In [1]:
import pandas as pd
import pickle
import numpy as np

import os

import torch
from torch.utils.data import Subset

import transformers
from transformers import AutoTokenizer

In [2]:
model_name='dmis-lab/biobert-v1.1'
tokenizer = AutoTokenizer.from_pretrained(model_name)  # učitavanje konketnog tokenizatora

In [2]:
def load_from_pickle(pickle_name):
    with open(pickle_name, 'rb') as fh:
        unpickled_object = pickle.load(fh)
    return unpickled_object

In [80]:
# The function takes the dataset and the name of the file in which it should be pickled.
# The third argument (when explicitly called) forms a subfolder of the BioNER class name that is "hidden"
# for zero-shot and few-shot training, which enables a transparent folder structure of the data.

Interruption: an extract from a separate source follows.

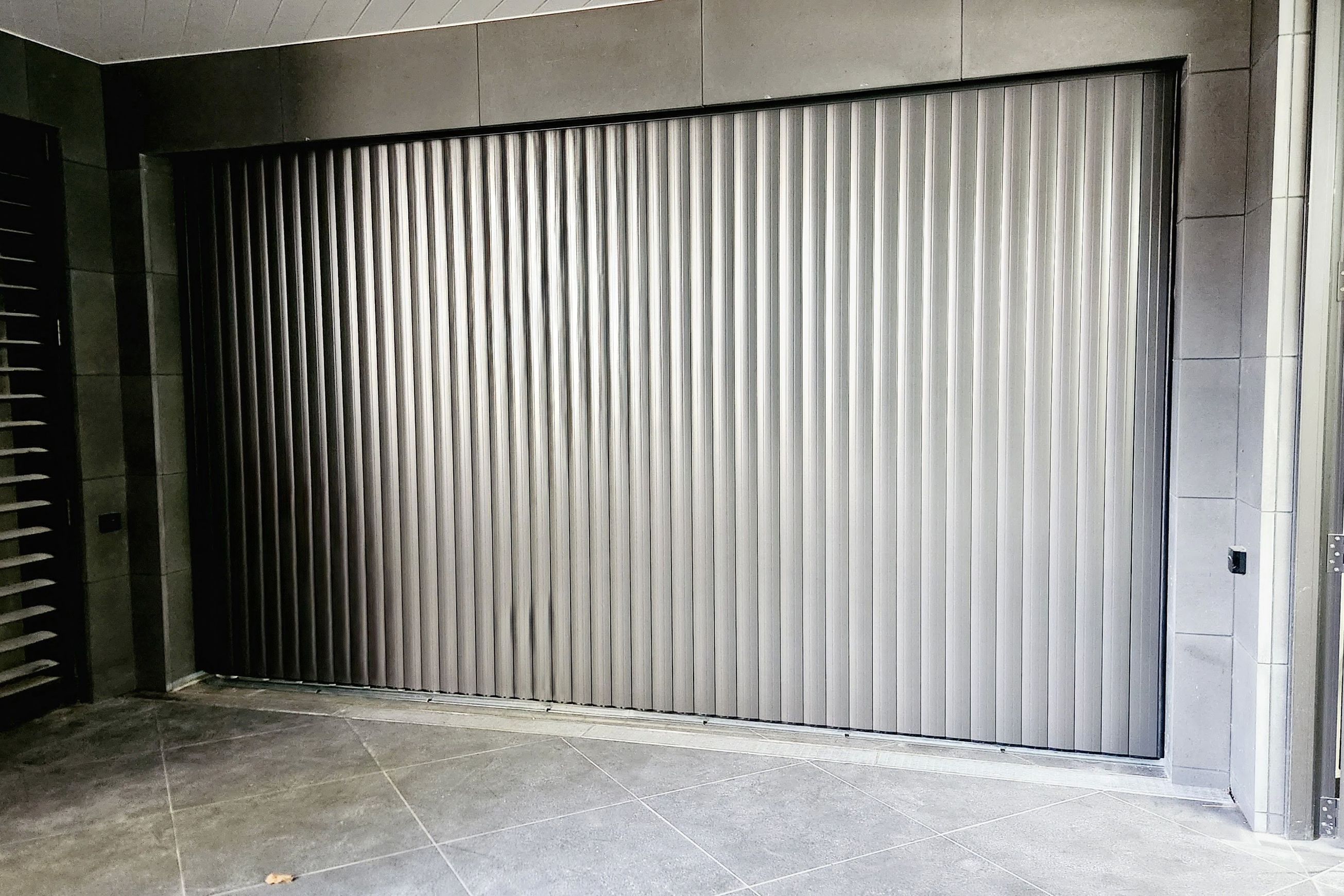 VERTICO Side Sliding Garage Door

# Returns nothing, just saves the pickle dataset.

def dump_to_pickle(data_set, file_name, class_name=None):
    if class_name == None:
        folders = os.path.join('Datasets')
    else:
        folders = os.path.join('Datasets', class_name)
    os.makedirs(folders, exist_ok=True)
    filename = file_name+'.pkl'
    file_path = os.path.join(folders, filename)
    outfile = open(file_path,'wb')
    pickle.dump(data_set,outfile, protocol=4)

In [4]:
# function BERT-tokenizes (WordPiece principle) input
# in our case 2 sequences ((1) explicitly given class and (2) sentence)
# and returns the BERT-tokenized output

def BERTtokenizovanje_ClassText(df):
    
    tokenized_encodings = tokenizer(df["class"].to_list(),
                                 df["text"].to_list(),
                                 truncation=True,
                                 is_split_into_words=True,
                                 add_special_tokens=True,
                                 padding='max_length',
                                 max_length=512)
    return tokenized_encodings

In [5]:
# Due to the nature of BERT-tokenization (the WordPiece approach may return the initial token as multiple tokens),
# alignment of labels is required. In addition, it was necessary to take into account that the sequence was created
# by concatenating 2 initial sequences (classes and sentences)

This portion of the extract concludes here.